Weniger Karies? Zucker-Steuer lässt Zuckergehalt in Limonaden sinken

Mit der Zuckersteuer auf Limonaden reagiert Großbritannien auf ein akutes Problem: Fettleibigkeit. Ein Drittel der Kinder des Landes ist zu dick. Ein hoher Zuckerkonsum hat allerdings nicht nur Auswirkungen auf das Gewicht, auch Diabetes und Karies sind schwerwiegende Folgen.

Weniger Zucker in Limonaden offenbar kein Geschmacks-Problem

Die neue Zuckersteuer in Großbritannien tritt erst zum 6. April in Kraft und zeigt schon jetzt eine deutliche Wirkung. Coca-Cola und andere Hersteller haben bereits den Zuckergehalt ihrer Getränke im Vereinten Königreich reduziert.
Die Steuer betrifft stark gezuckerte Getränke. Besteuert werden Limonaden, die mehr als 5 g Zucker auf 100 ml enthalten. Sind es mehr als 8 g/100 ml, ist eine noch höhere Steuer fällig. Darauf reagierte z.B. Coca-Cola indem es den Zuckergehalt seiner Getränke Sprite und Fanta jüngst von 6,6 auf 3,3 bzw. von 6,9 auf 4,6 g pro 100 ml senkte.

Süßstoff weniger schädlich für Zähne

Da die Steuer nur für Zucker gilt, weichen die Getränkehersteller auf chemische Süßstoffe aus. Die Limonaden büßen daher nichts an Süße ein, was die Verbraucherorganisation Foodwatch anprangert. „Viel sinnvoller wäre es, junge Menschen garnicht erst an stark gesüßte Produkte zu gewöhnen“. Süßstoff ist zwar weniger schädlich für die Zähne als Zucker, der Gesundheit zuträglich ist die chemische Süße auf lange Sicht allerdings wohl kaum. Auch ist interessant, dass Fruchtsäfte von der Steuer ausgenommen sind, Apfelsaft jedoch als Beispiel auf 100 ml 10 g Zucker enthält.

Karies verhindern: nicht mehr als 10 Teelöffel Zucker für Erwachsene am Tag?

Die Weltgesundheitsorganisation WHO empfiehlt in sämtlichen Lebensphasen nicht mehr als 10 Energieprozent (besser unter 5!) freien Zucker am Tag zu sich zu nehmen, um das Risiko für Karies und Übergewicht zu reduzieren. Das bedeutet täglich nicht mehr als 50 g Zucker für einen Erwachsenen (bei einer Kalorienzufuhr von 2.000 kcal).

Zahnfäule durch Karies: Kinder besondern betroffen

Während im Leitfaden der Britischen Regierung „Childhood obesity: a plan for action“ Wege aufgezeigt werden, Kinder und Jugendliche vor Übergewicht zu schützen, bleibt das hohe Kariesrisiko unerwähnt. Beinahe 62.500 Menschen kommen in Großbritannien jedes Jahr wegen Karies ins Krankenhaus. Darunter 46.400 Kinder.
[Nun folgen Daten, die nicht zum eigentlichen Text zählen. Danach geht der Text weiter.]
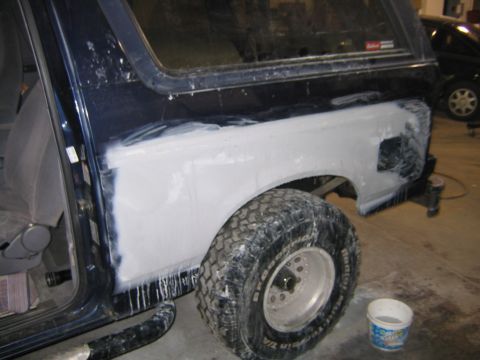 1994 Ford Bronco - drivers side primed and wet sanded
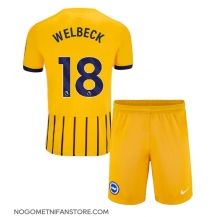 Otroški Brighton Danny Welbeck #18 Replika nogometni dresi kompleti Gostujoči 2024-25 Kratek Rokav (+ hlače)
Zuckerkonsum: WHO-Empfehlung für Zähne zu hoch

Professor Philip James und sein Wissenschaftlerteam der London School of Hygiene and Tropical Medicine und dem University College London werteten verschiedene Studien aus, die sich mit dem Zuckerkonsum und dessen Auswirkungen auf die Häufigkeit von Karies in der Bevölkerung befassten und bestätigen den Zusammenhang zwischen Karies und erhöhtem Zuckerkonsum. Laut der Wissenschaftler entwickelten Kinder, die etwa 5 Prozent der Kalorien über Zucker aufnehmen, rund doppelt so häufig Karies, als solche, die fast keinen Zucker essen.

Zähne und Körper gesund halten: mehr Eigeninitiative

Eine Zuckersteuer ist grundsätzlich eine gute Idee, sollte sich allerdings konsequent auf alle Süßstoffe beziehen. Verbraucherorganisationen fordern eine vergleichbare Steuer auch für Deutschland. Als Verbraucher sollte man sich allerdings nicht darauf verlassen, dass der Limonaden-Industrie die Gesundheit des Kunden am Herzen liegt. Die Zuckersteuer in Großbritannien hat gezeigt, dass es ausschließlich um Profit geht.

Weiterhin sollte Prävention an erster Stelle stehen, denn kariös zerstörte Zähne und Diabetes lassen sich nicht umkehren. Übergewicht kann Folgeschäden für Knochen, Gelenke und Organe haben, obgleich man Körperfett wieder abnehmen kann. Neben gründlicher Zahnpflege ab Kindesalter an, sollte man sich mit dem, was man isst und trinkt mehr auseinander setzen.